Courtesy of the artist.
Kimball Education Gallery
August 6–August 31, 2014
SAN FRANCISCO (August, 2014)—The de Young will host textile artist Adela Akers, from August 6 through August 31, 2014, as part of the museum’s Artist-in-Residence Program. With intricate works that incorporate abstract geometric patterns and interwoven materials, Akers aims to generate an artistic language and foster a dialogue with her audience.
Born in Spain, educated at the University of Havana in Cuba and inspired by her extensive travels, Akers grounds her practice in a diverse and geographically disparate range of influences. Her latest work reflects a recent visit to the Democratic Republic of the Congo, where she observed the painting process of the Mbuti women of the Ituri Forest. Akers’ work is also informed by the abstract expressionism movement in the 1950’s, and her passion for weaving grew from a long-standing interest in textiles.
During the painstaking process of interweaving various materials such as metal and horsehair into her compositions, Akers feels she is combining her travels, memories and appreciation for nature into a new language that she hopes can be universally understood. When describing this weaving process, Akers said “the first pieces using the metal were about memorials, so the stitching became like a name or a word.” The artist works to communicate larger themes such as the quiet strength and rhythmic flow of nature, and the power of visual details.
Akers currently lives in Guerneville, California, where she continues to explore creative methods and experiment with different media. During her residency in the Kimball Education Gallery at the de Young, Akers will invite visitors to participate in hands-on activities, observe her artistic process and provide inspiration for her finished works.

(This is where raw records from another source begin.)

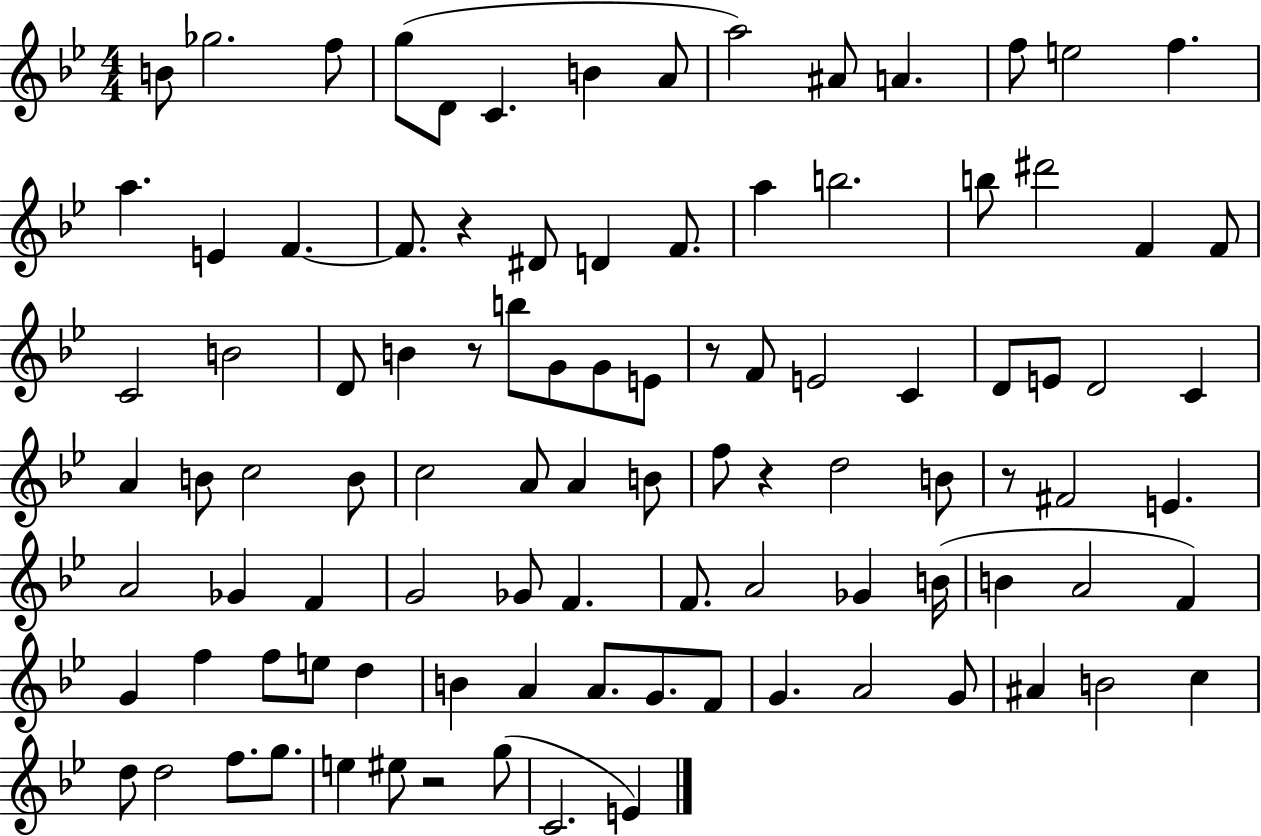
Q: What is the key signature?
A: BES major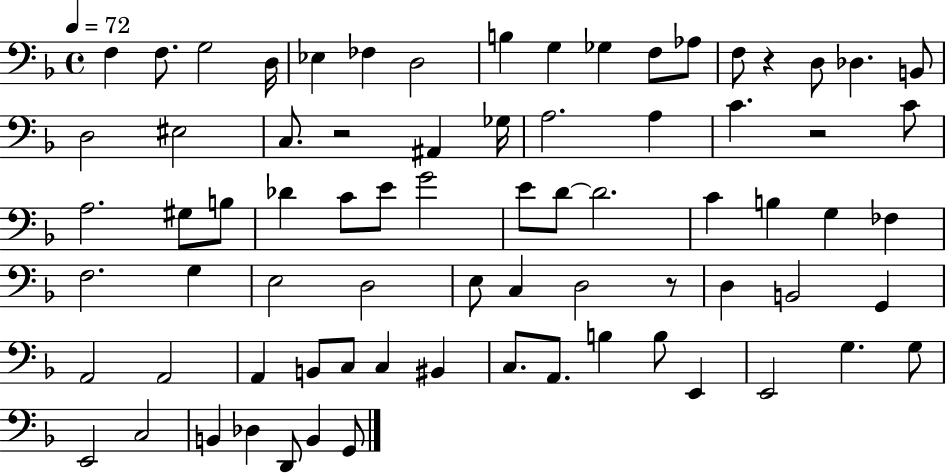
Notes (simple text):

F3/q F3/e. G3/h D3/s Eb3/q FES3/q D3/h B3/q G3/q Gb3/q F3/e Ab3/e F3/e R/q D3/e Db3/q. B2/e D3/h EIS3/h C3/e. R/h A#2/q Gb3/s A3/h. A3/q C4/q. R/h C4/e A3/h. G#3/e B3/e Db4/q C4/e E4/e G4/h E4/e D4/e D4/h. C4/q B3/q G3/q FES3/q F3/h. G3/q E3/h D3/h E3/e C3/q D3/h R/e D3/q B2/h G2/q A2/h A2/h A2/q B2/e C3/e C3/q BIS2/q C3/e. A2/e. B3/q B3/e E2/q E2/h G3/q. G3/e E2/h C3/h B2/q Db3/q D2/e B2/q G2/e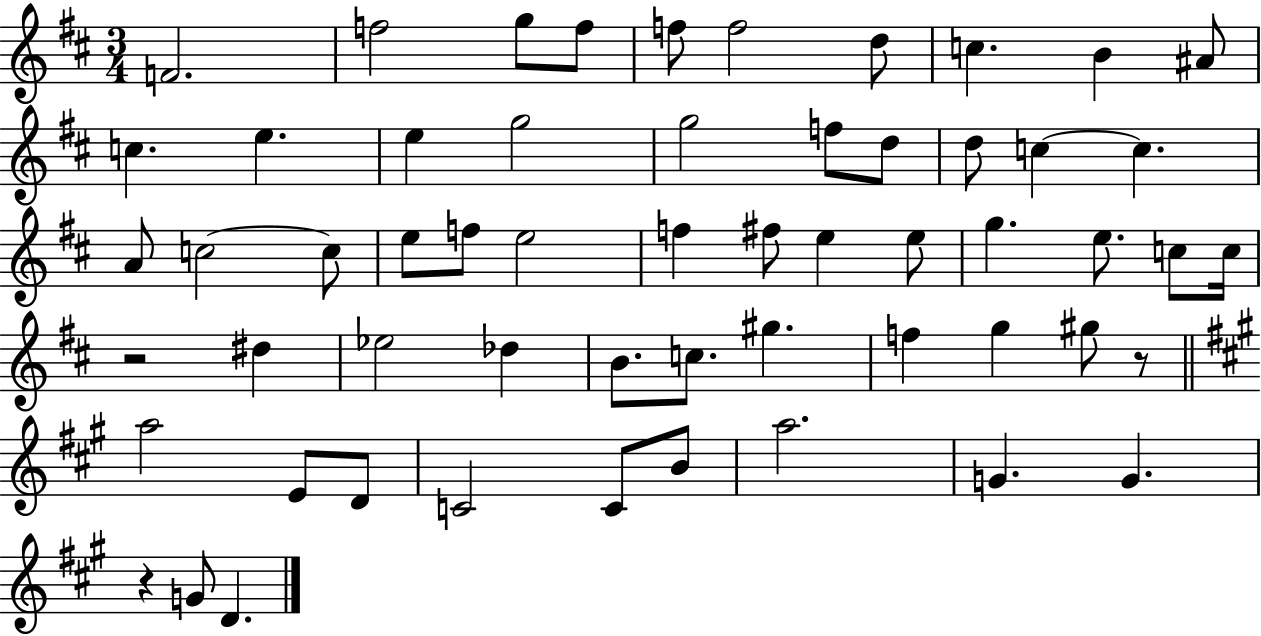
F4/h. F5/h G5/e F5/e F5/e F5/h D5/e C5/q. B4/q A#4/e C5/q. E5/q. E5/q G5/h G5/h F5/e D5/e D5/e C5/q C5/q. A4/e C5/h C5/e E5/e F5/e E5/h F5/q F#5/e E5/q E5/e G5/q. E5/e. C5/e C5/s R/h D#5/q Eb5/h Db5/q B4/e. C5/e. G#5/q. F5/q G5/q G#5/e R/e A5/h E4/e D4/e C4/h C4/e B4/e A5/h. G4/q. G4/q. R/q G4/e D4/q.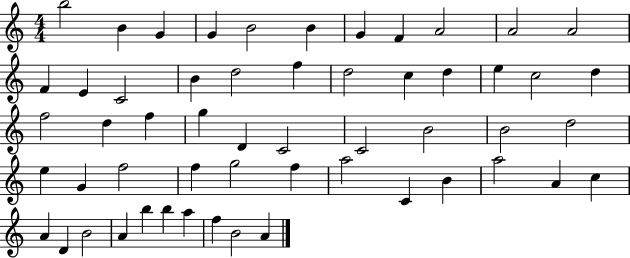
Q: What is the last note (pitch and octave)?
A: A4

Friday, August 29, 6–8:30 p.m. | Artist Reception
Celebrate the artist's residency with light refreshments in the Kimball Education Gallery.
The Artist Studio program is made possible with major support from the Institute of Museum and Library Services’ Museums for America program. Additional support is provided by Hang Art Gallery.
Golden Gate Park, 50 Hagiwara Tea Garden Drive, San Francisco, CA 94118
Open 9:30 a.m.‒5:15 p.m. Tuesdays–Sundays; open select holidays; closed most Mondays
Admission to the Kimball Education Gallery is free. General admission tickets for the permanent collection range from $6‒$10; free first Tuesday of the month. Please visit deyoungmuseum.org/visit for more information.
About the Fine Arts Museums of San Francisco
The Fine Arts Museums of San Francisco, comprising the de Young Museum in Golden Gate Park and the Legion of Honor in Lincoln Park, are the largest public arts institution in San Francisco.
The de Young originated from the 1894 California Midwinter International Exposition and was established as the Memorial Museum. Thirty years later, it was renamed in honor of Michael H. de Young, a longtime champion of the museum. The present copper-clad, landmark building, designed by Herzog and de Meuron, opened in October 2005. It showcases the institution’s significant collections of American painting, sculpture, and decorative arts from the seventeenth to the twenty-first centuries; art from Africa, Oceania, and the Americas; costume and textile arts; and international contemporary art.
The Legion of Honor was inspired by the French pavilion, a replica of the Palais de la Légion d’Honneur in Paris, at San Francisco’s Panama-Pacific International Exposition of 1915. The museum opened in 1924 in the Beaux Arts–style building designed by George Applegarth on a bluff overlooking the Golden Gate Bridge. Its holdings span four thousand years and include European painting, sculpture, and decorative arts; ancient art from the Mediterranean basin; and the largest collection of works on paper in the American West.